Told in the vein of the classic genre that Perry describes as "psychotic-women cinema" -- think "Whatever Happened to Baby Jane?" and Brian De Palma's "Sisters" with a touch of "Rosemary's Baby" and Woody Allen's "Interiors" -- "Queen of Earth" is an eerie look at the claustrophobia that sets in when childhood fixtures become relics. The relationship between her and Waterston's characters may be fraught, but it allowed for one of the most harmonious offscreen relations of Moss' career.

"I work with men predominantly," the actress said. "It's just different. I’m always the only girl. This was the first time that the main relationship in the film was with a woman. I have yet to have a really good relationship with a woman in film or in television, but it was a totally different dynamic offset for me.
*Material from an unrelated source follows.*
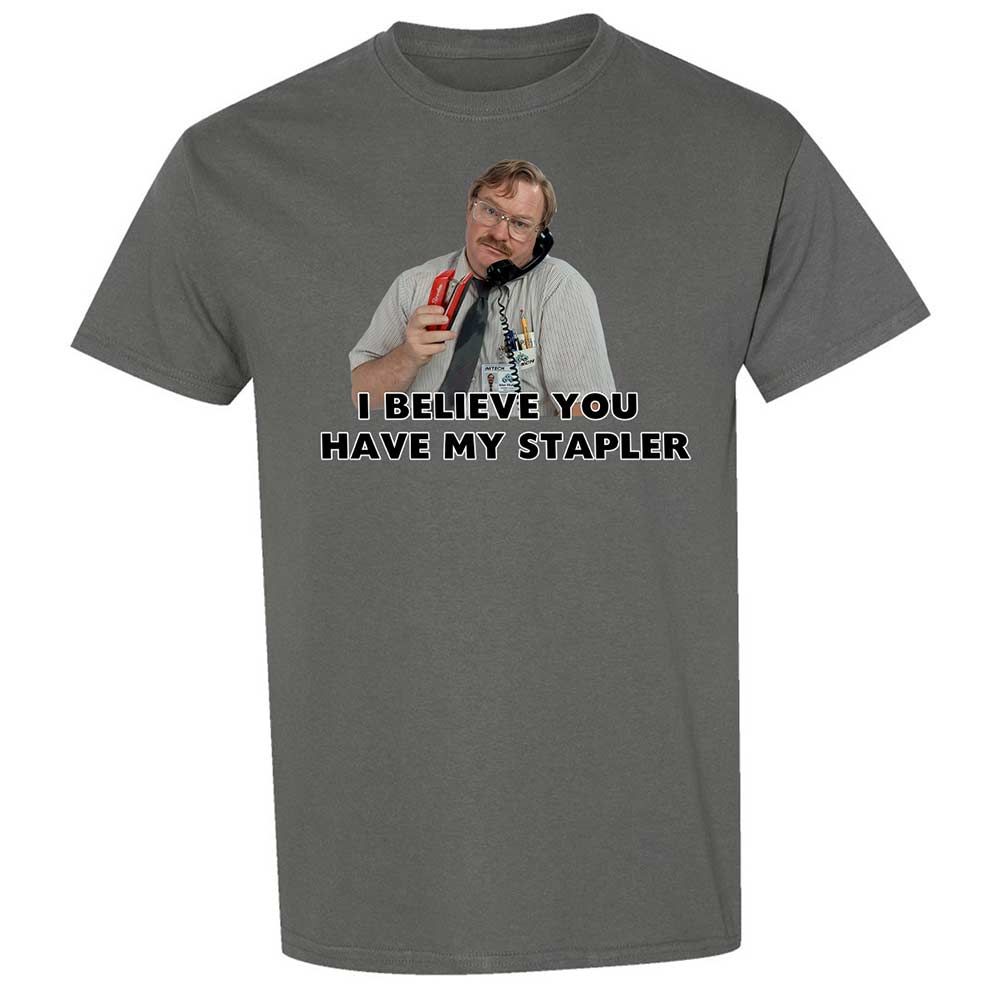 I believe you have my Stapler - Charcoal - 17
Katherine and I got along so great, and it was kind of awesome for me to be like, “Oh my God, there’s, like, a girl here!”

Patrick Fugit, Elisabeth Moss and Katherine Waterston star in a scene from "Queen of Earth."

Patrick Fugit, Elisabeth Moss and Katherine Waterston star in a scene from "Queen of Earth."

Sean Price Williams/IFC Films

In Perry's opinion, however, the reason Moss hasn't had pristine relationships with women onscreen is because she isn't attracted to such carefree storylines. It's a claim her résumé supports: Since breaking out on male-driven series "The West Wing" and "Mad Men," Moss has played Jonah Hill's career-driven girlfriend in "Get Him to the Greek," a neglected wife in "On the Road," a troubled detective on "Top of the Lake" and one-half of a floundering couple in "The One I Love."

Much of that work centers on emotional vulnerability, and that is precisely what "Queen of Earth" is about. Except now, Moss plays a character who isn't positioned largely among men. It's the horror-movie version of the road that often diverges in two friends' lives.

When Catherine (Moss) and Ginny (Waterston) vacationed at the same Hudson Valley home the previous summer, Catherine's co-dependent romance made her blissful and unresponsive toward Ginny's bitterness.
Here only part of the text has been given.